メンバー、スタッフとの「関係」がヒットにつながった

③リアルなメッセージ

BTSはそれまでのK-POP音楽とは異なり、10~20代が共感できるメッセージを音楽にこめました。そして、そのメッセージをあらゆるコンテンツに取り入れ、連続的かつ持続的で一貫性のある企画・制作を行い、発信しました。こういった活動が熱狂的なファンを生み、強力なファンダムの形成につながりました。

これらを実現できたのは、BTSメンバーが10代から20代に、少年から男性へと成長していくなかで経験する悩みとプロセスを余すところなく見せたからです。
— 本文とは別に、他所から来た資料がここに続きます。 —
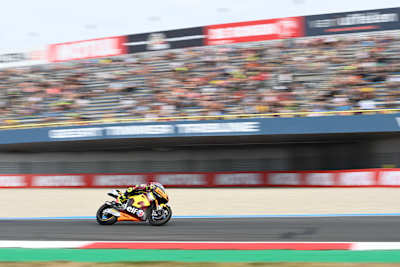 Tony Arbolino at the Dutch MotoGP on 24 June 2023.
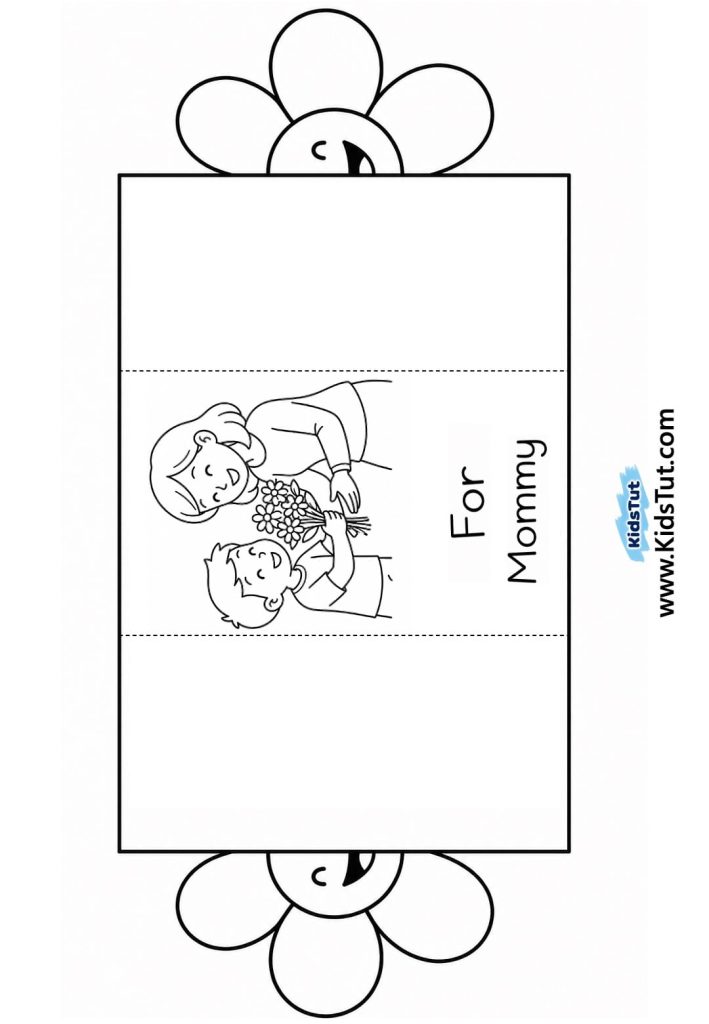 Easy Mother’s Day Flower Card Craft for Kids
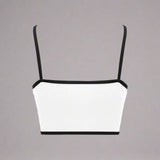 Womens Aesthetic Graphic White Crop Top - In Control Clothing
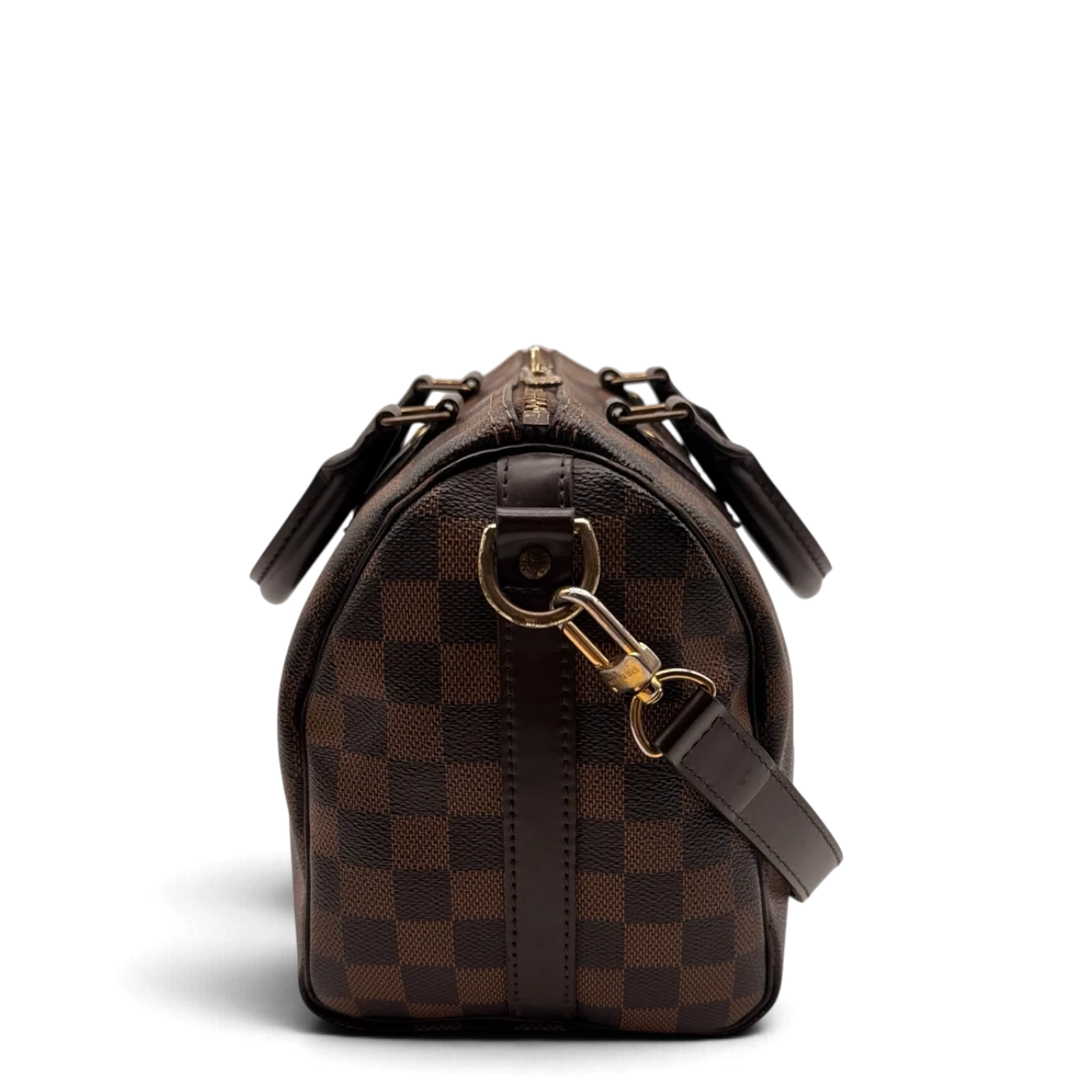 Louis Vuitton Handtasche Speedy 25 Bandouliére Damier Ebene braun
自分たちの音楽や物語をリアルに伝えるために、さまざまな方向から考え、新たな方法を模索しました。

BTSの成功は、実力はもちろんのこと、一人ひとりの個性やメンバー同士の仲のよさ、つながりがメッセージを伝えるうえでどれだけ重要な役割を担っているか物語ると同時に、未来のアイドルの進むべき道を示しています。

アイドルの大半がグループで活動するだけに、メンバー同士のチームワークや関係は言うまでもなく、プロダクションやまわりのスタッフたちとの関係をどのように築いていくべきか、そしてそういった「関係」がヒットへとつながることを見せてくれたケースです。

「運がよかった」と評価する人に言いたいこと

このように、世界的なビッグヒットのためには、産業の画期的な変化やすべてが一致するタイミングなど、環境的な要素による裏付けも不可欠です。

ユン・ソンミ『BIGHIT K-POPの世界戦略を解き明かす5つのシグナル』(ハーパーコリンズ・ジャパン)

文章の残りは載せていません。